Q: How do you see the political scenario right now, on the ground, between Israel and Palestine?
A: We are facing a very critical time. The Palestinian front is very fragmented. We have certain challenges internally, such as the 9th of January when (Palestinian President) Mahmoud Abbas is out of office. What will we do with that? The most challenging thing at this point is the relationship between the Palestinians themselves and that is the question of unity.
In Israel as well things are being settled after the issues with (Prime Minister Ehud) Olmert. One of the things that I certainly believe is that a serious, fair settlement to the conflict is something that we are not approaching. Certainly, in the light and nature of the American involvement in the process -- I don't think the American involvement in the process is constructive. The maximum offered by the Israelis, backed by the Americans, is not something that answers the minimum of the minimum to the Palestinian national aspiration for emancipation, freedom and self-determination.

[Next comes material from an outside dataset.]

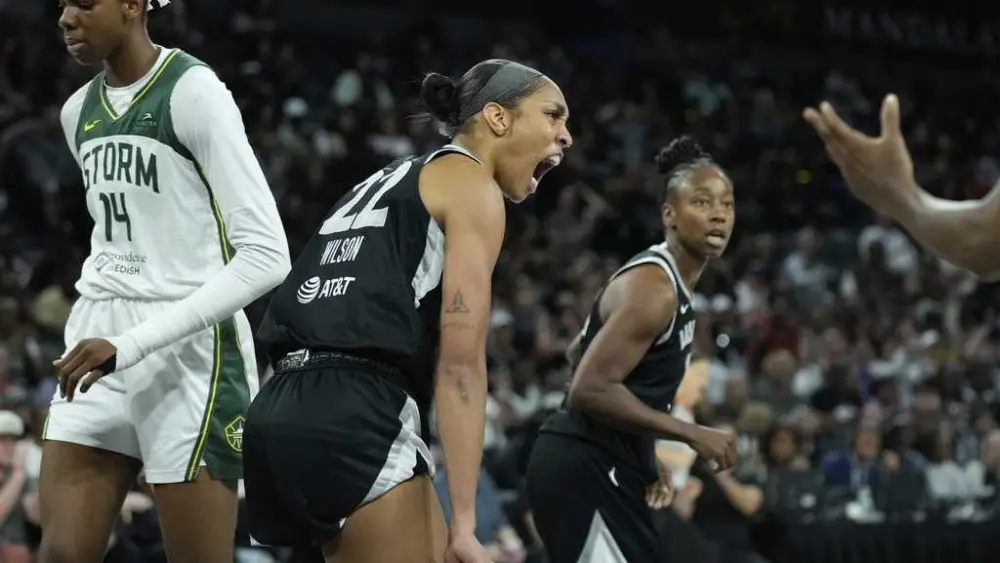 Aces' A'ja Wilson earns historic fourth WNBA MVP award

Q: There's been a change in Israeli political leadership. Tzipi Livni is now the head of the centrist Kadima party after prime minister Ehud Olmert surrendered his party's leadership over corruption charges. Livni had been the lead negotiator with the Palestinians and is seen in some circles as more centrist, or moderate, than Olmert. As you look to the future, how do you describe the evolution of Israeli politics?

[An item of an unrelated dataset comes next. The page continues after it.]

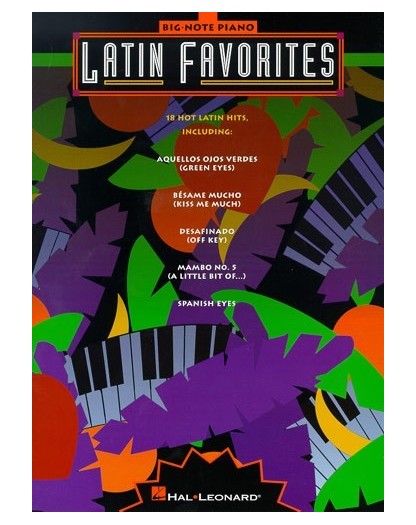 Latin Favourites Big-Note Piano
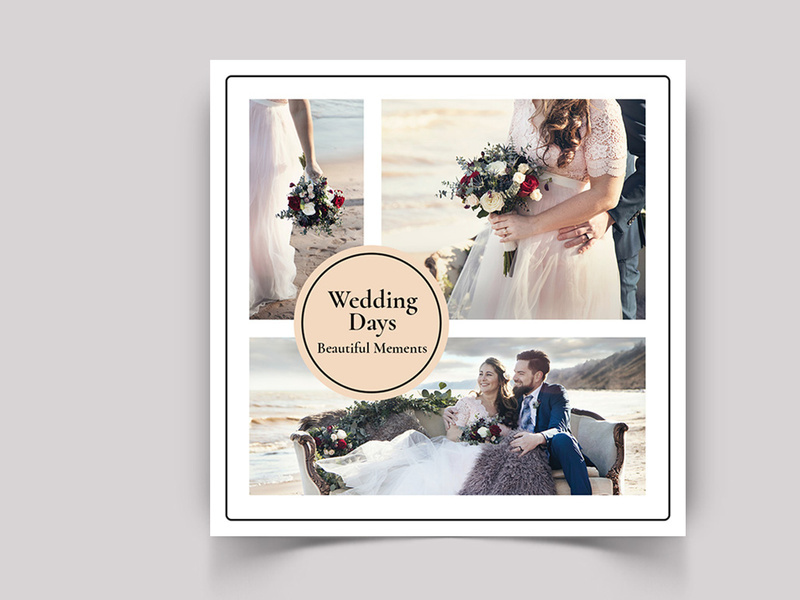 Wedding Social Media Post Template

A: One of the things I think is a mistake ... is to think as if there are substantive differences between the different major Israeli parties vis-à-vis settling the dispute with the Palestinians. That could have been right slightly right to a certain extent 20 years ago.

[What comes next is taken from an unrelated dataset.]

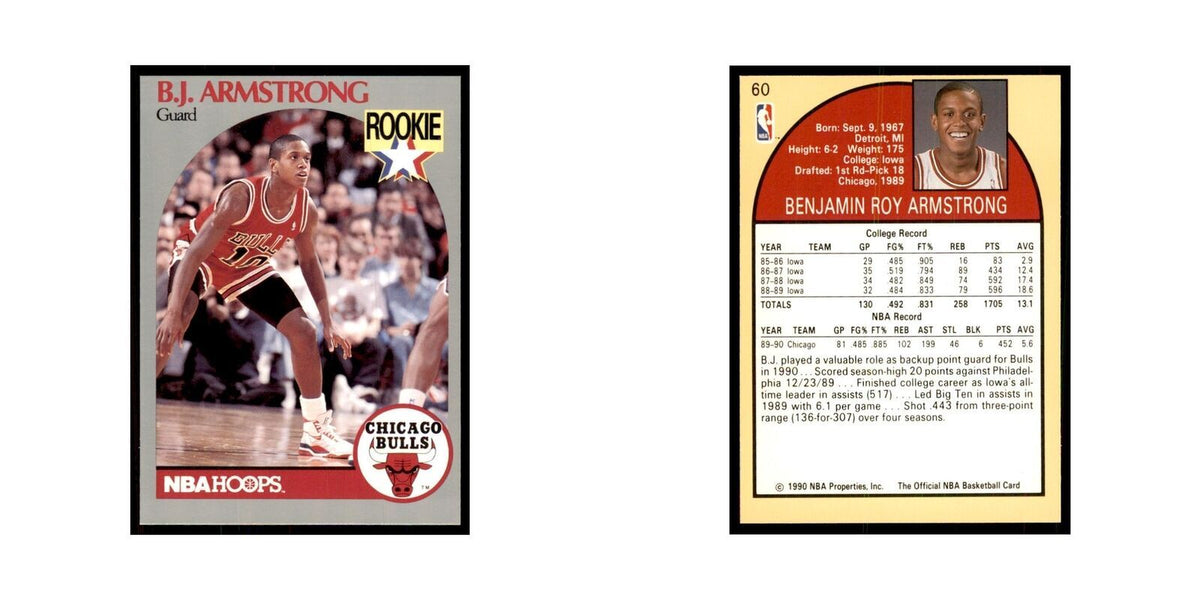 1990 NBA Hoops B.J. Armstrong Basketball Cards #60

But now whether the ruling party is the Likud, or Kadima, or the Labor party, their views are not substantively different on settling the Palestinian-Israeli conflict. They might differ on what is the best way to ... "manage," as they say, the Palestinians, but they certainly have, I would say, some form of consensus, driven by a wide-spread Jewish Israeli consensus, on the terms of settling the conflict with the Palestinians. And the terms and conditions that are enjoying consensus in Israel are not fair terms.
Q: On the Palestinian side, the current president, Mahmoud Abbas, has lost a great deal of credibility with the Israelis, the Arab world, and his own people. There is Marwan Barghouti, a popular hero of the second Intifada, who said he would run for the presidency though currently jailed by the Israelis. People in the West Bank, at least, are rather both restless and forlorn about peace or an improvement in "the situation," their term for the Israeli occupation. Could you talk a little about the future of the Palestinian political situation?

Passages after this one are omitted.